While cash ISAs have stayed strong, figures for 2004, out tomorrow, are expected to reveal that sales of equity ISAs have fallen by as much as 40 per cent year on year; at the end of No- vember, the year's total sales had barely nudged £2bn. Compare this to March 2000 when £880m poured into tech funds alone.

Although a dark cloud may hang over over the ISA season, it is unlikely to be a washout; it's worth remembering that many stock markets, including the FTSE 100, rallied last year.

"There is always an ISA season," says Mark Dampier of independent financial adviser (IFA) Hargreaves Lansdown. "It's always going to tick up because you've got a [5 April] deadline. It's just not going to be much of a tick."

The size of that tick will depend on a seismic change of heart from investors, for sluggish sales reflect disenchantment with a product that has lost much of its appeal.

The Government had planned to slash our equity ISA allowances from £7,000 to £5,000 but it has now shelved that idea, at least until 2009. Last year, however, it withdrew the 10 per cent tax credit that had previously been available on dividend income.

"Maintaining the allowances has given ISAs a bit of a reprieve," says Dominic Cummings of IFA Bestinvest, "but the withdrawal of the dividend tax credit has given a lot of people the impression that the tax benefit has been withdrawn."

This is not the case. While the abolition of the 10 per cent credit means basic-rate taxpayers no longer enjoy any extra benefit for receiving dividends within an ISA, higher-rate taxpayers do since they continue to pay less dividend tax.

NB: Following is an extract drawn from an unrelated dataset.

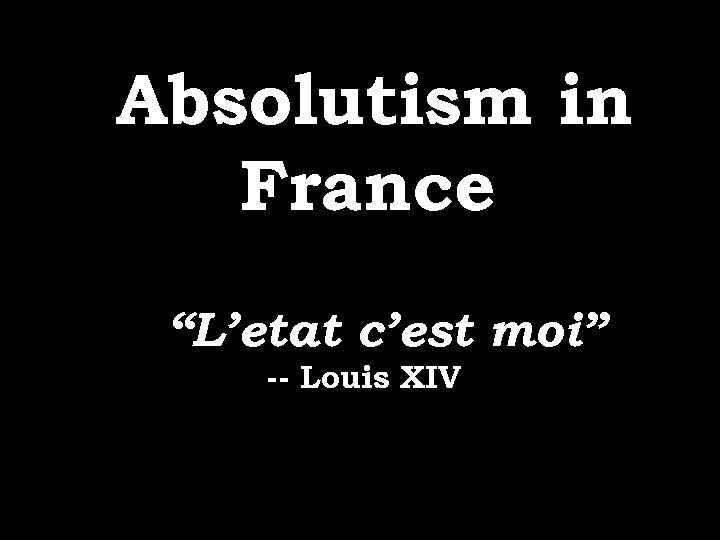 Absolutism in France “L’etat c’est moi” -- Louis XIV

And everyone can still avoid capital gains tax on funds held in an ISA wrapper.

Investors who have yet to commit their ISA money won't want to look at how well markets have been performing over the past 12 months; they will want to pick the next winner.

In past seasons there has usually been a theme - such as technology, telecoms or high- yield bond funds - pushed hard to investors. But these funds have tended not to perform well since they had already peaked in value by the time ISA inves- tors jumped on the bandwagon.

It is perhaps a relief that there is no dominant trend this year, but both Mr Cummings and Mr Dampier believe smaller companies funds could still prove profitable.

The trick, Mr Dampier adds, is to find managers who will beat the indices that measure fund performance. "Most of the information you need for this is on the internet and in newspapers; it's not that hard to pick a good manager."

Depending on their attitude to risk, of course, investors are expected to choose funds "with a bit of sex and violence". These include Marlborough Special Situations, which goes for speculative growth, and Aberdeen Far East Emerging Economies, investing in Hong Kong, South Korea, Singapore and China.

"There are still quite a few growth funds about, and these will appeal to bolder investors," adds Mr Dampier.

Equity income funds are expected to stay popular after a strong performance in 2004, but advisers believe it will be a slow year for corporate bond funds, where yields "aren't much better than cash", says Mr Cummings.

However, there may also be some interest in "cash plus" funds, such as DWS Investment's new Ratebuster, due for launch in March. The fund is targeting a high yield of 7.5 per cent with capital protection, though not an absolute capital guarantee. Poor performance could lead to investors getting no return at all.